---------- Information given ----------

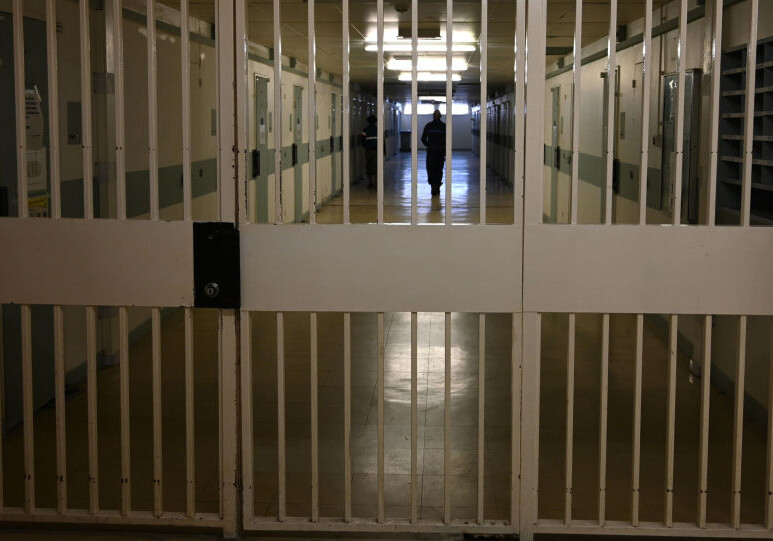 «Пожизненник», убивший сестер, совершил суицид в Гобустанской тюрьме
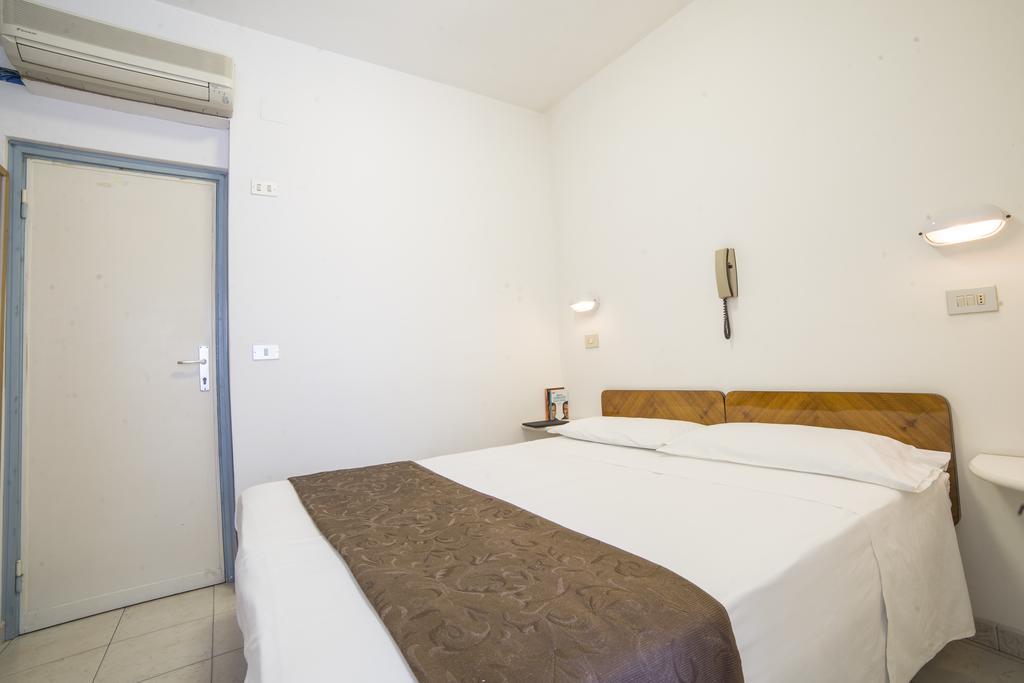 Hotel Nuovo Fiore Cattolica Bagian luar foto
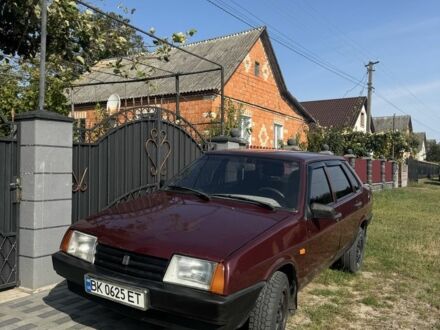ВАЗ 21099 2009 у Заречном на Automoto.ua Червоний ВАЗ 21099, об'ємом двигуна 0 л та пробігом 86 тис. км за 1600 $, фото 1 на Automoto.ua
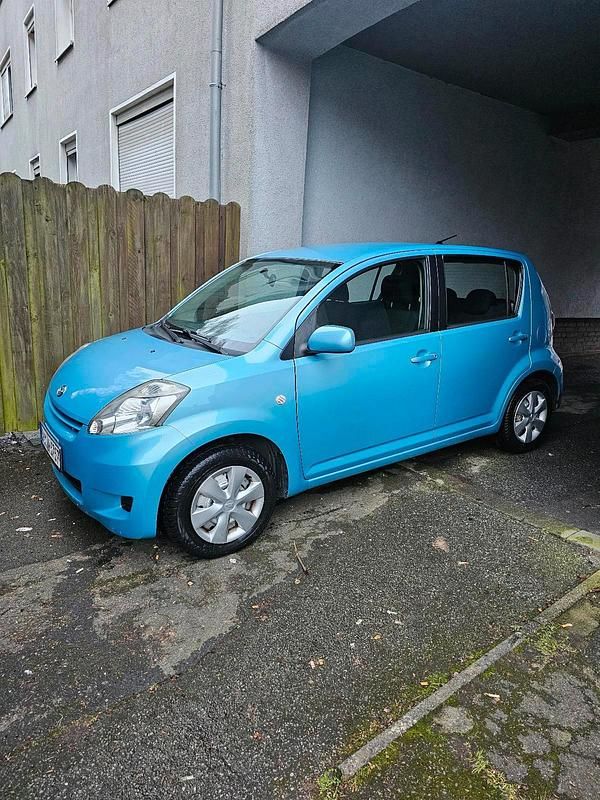 Gebraucht Daihatsu Sirion 69 PS (50 kW) 2007 Blau Kleinwagen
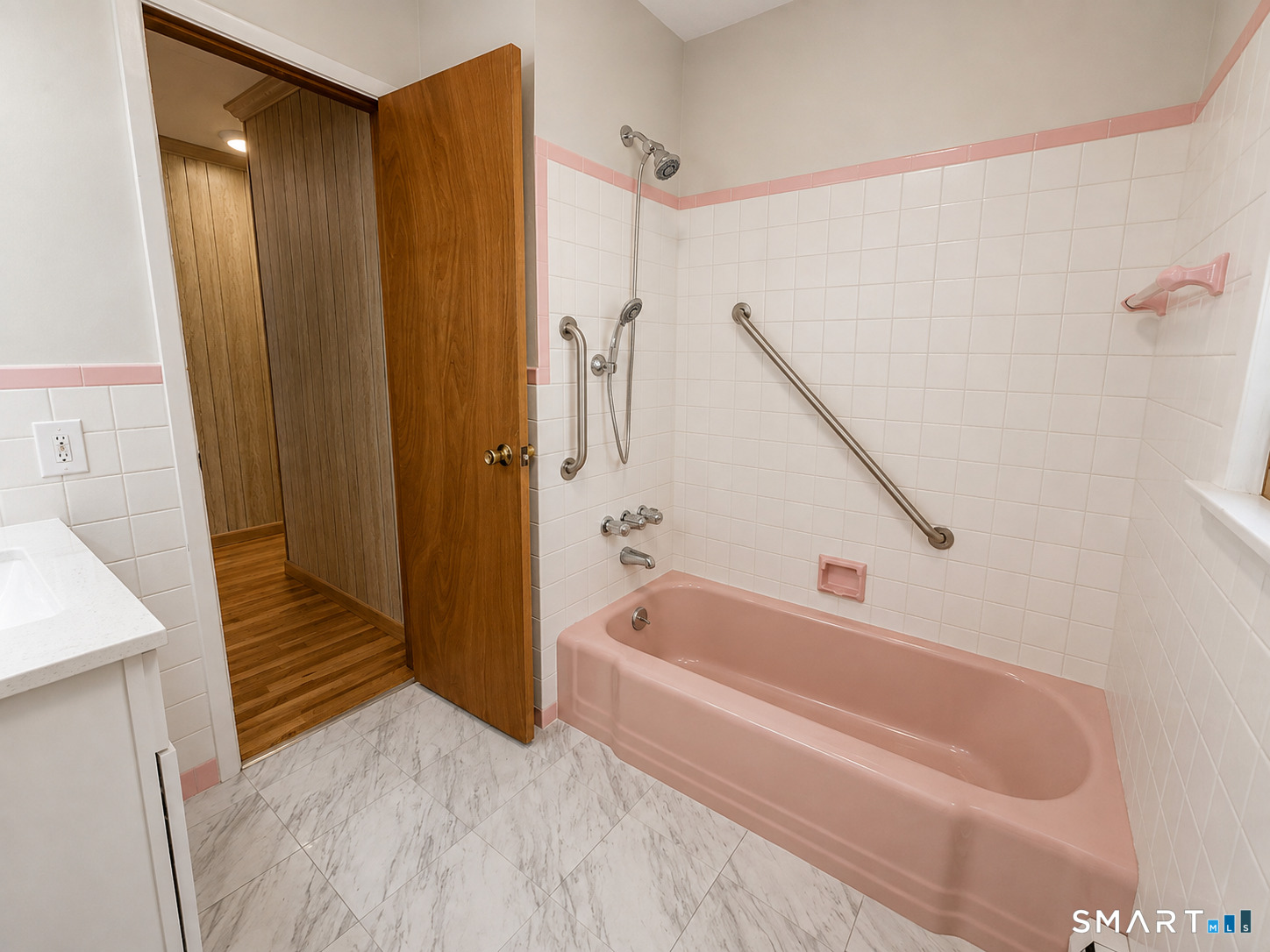 19 Hillside Circle Brookfield CT 06804
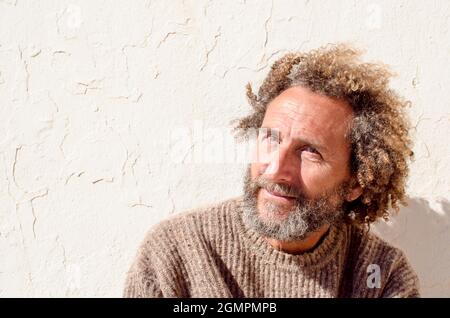 ritratto di uomo di mezza età con aspetto chiaro e timido Foto Stock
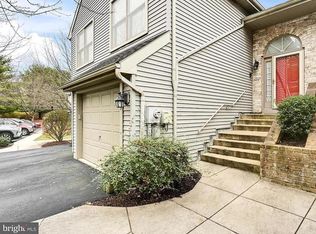 175 Crescent Dr, Hershey, PA 17033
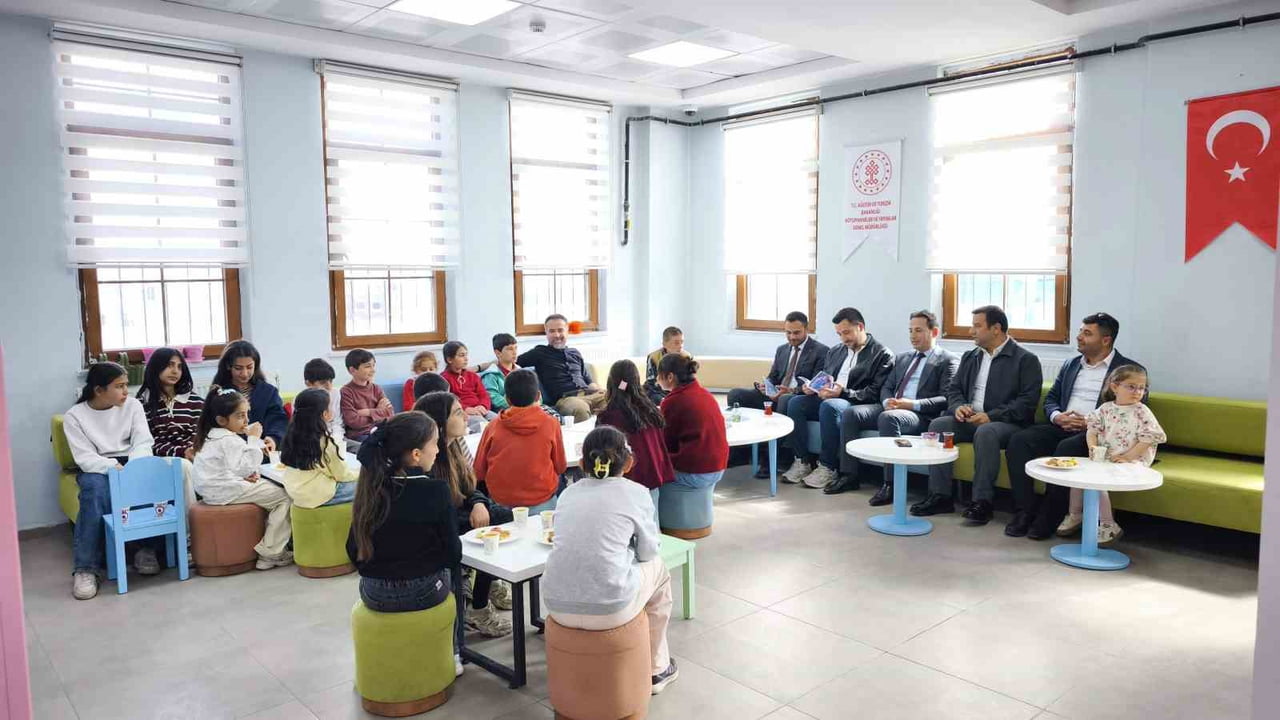 VAN’IN MURADİYE İLÇESİNDEKİ BEBEK VE ÇOCUK KÜTÜPHANESİ TARAFINDAN "HAYALLERİMİZ SAYFALARA SIĞDI"...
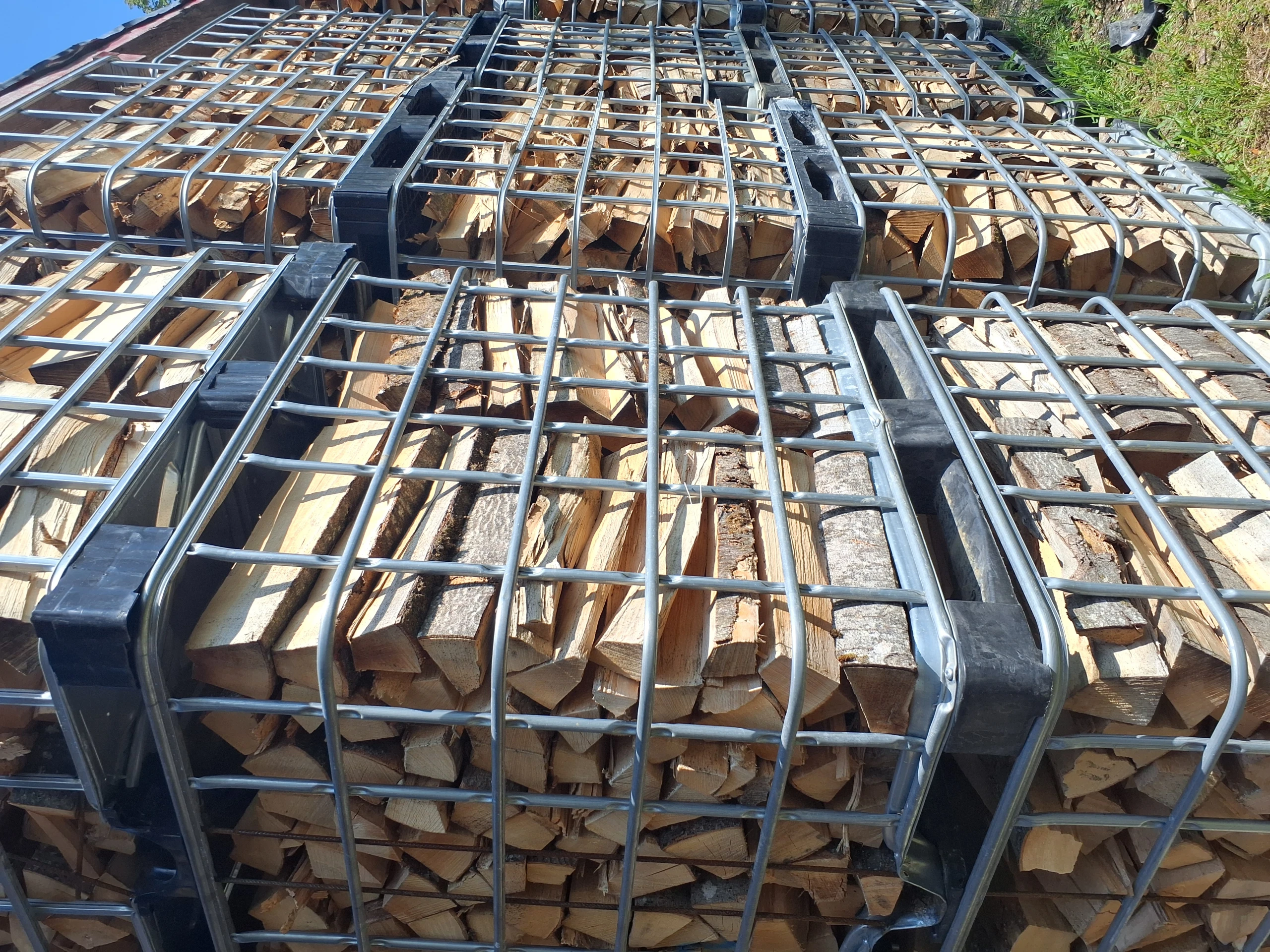 Brennholzlager von emeris holz zum Trocknen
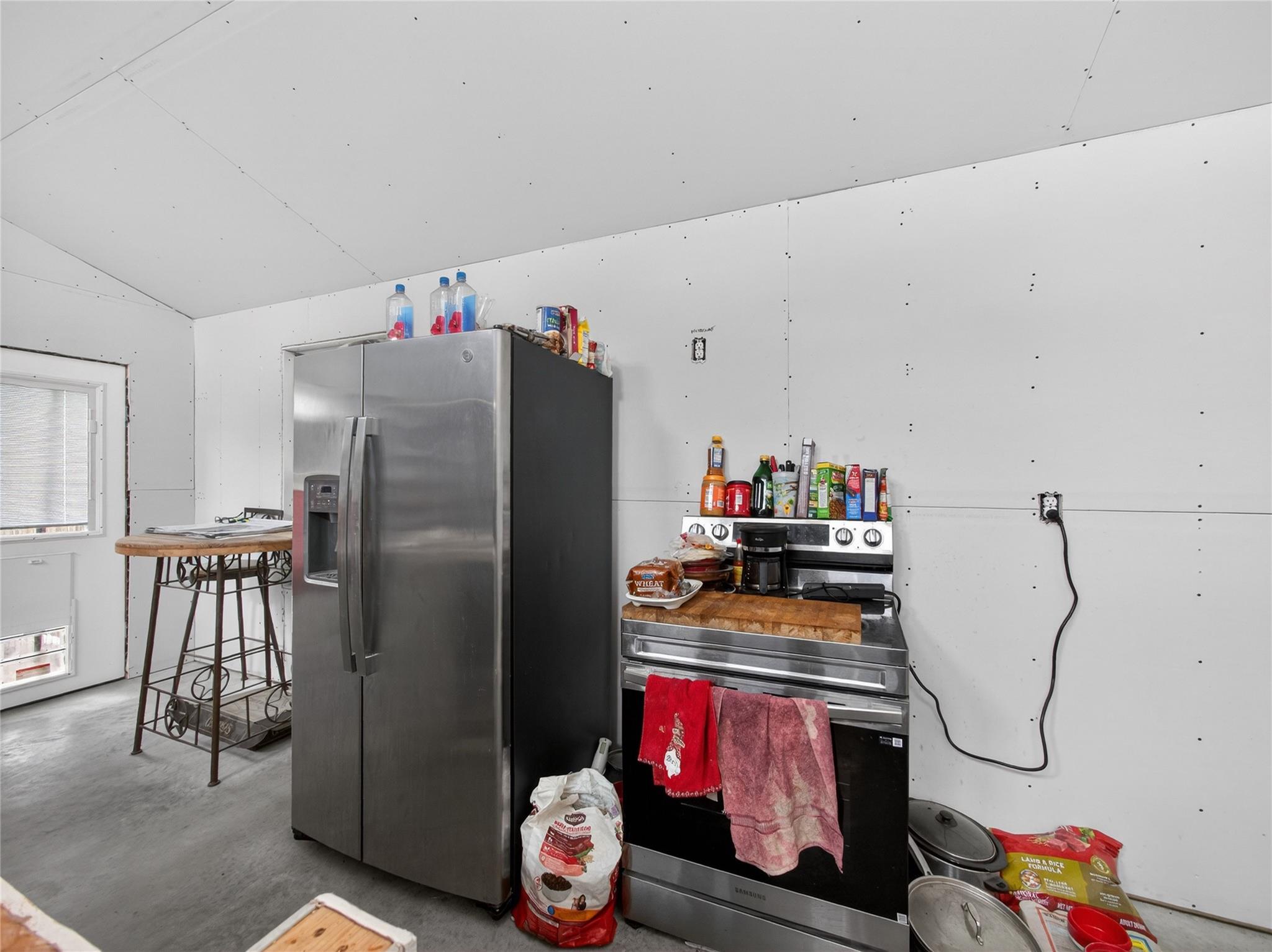 2705 Cory Ln, Spicewood, TX 78669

----------

* [Exercise goal] Keeping pictures out, repeat exactly the lines from the one containing "Gebraucht Daihatsu Sirion" through the end of the listing.

* [Solution below]
 Gebraucht Daihatsu Sirion 69 PS (50 kW) 2007 Blau Kleinwagen
 19 Hillside Circle Brookfield CT 06804
 ritratto di uomo di mezza età con aspetto chiaro e timido Foto Stock
 175 Crescent Dr, Hershey, PA 17033
 VAN’IN MURADİYE İLÇESİNDEKİ BEBEK VE ÇOCUK KÜTÜPHANESİ TARAFINDAN "HAYALLERİMİZ SAYFALARA SIĞDI"...
 Brennholzlager von emeris holz zum Trocknen
 2705 Cory Ln, Spicewood, TX 78669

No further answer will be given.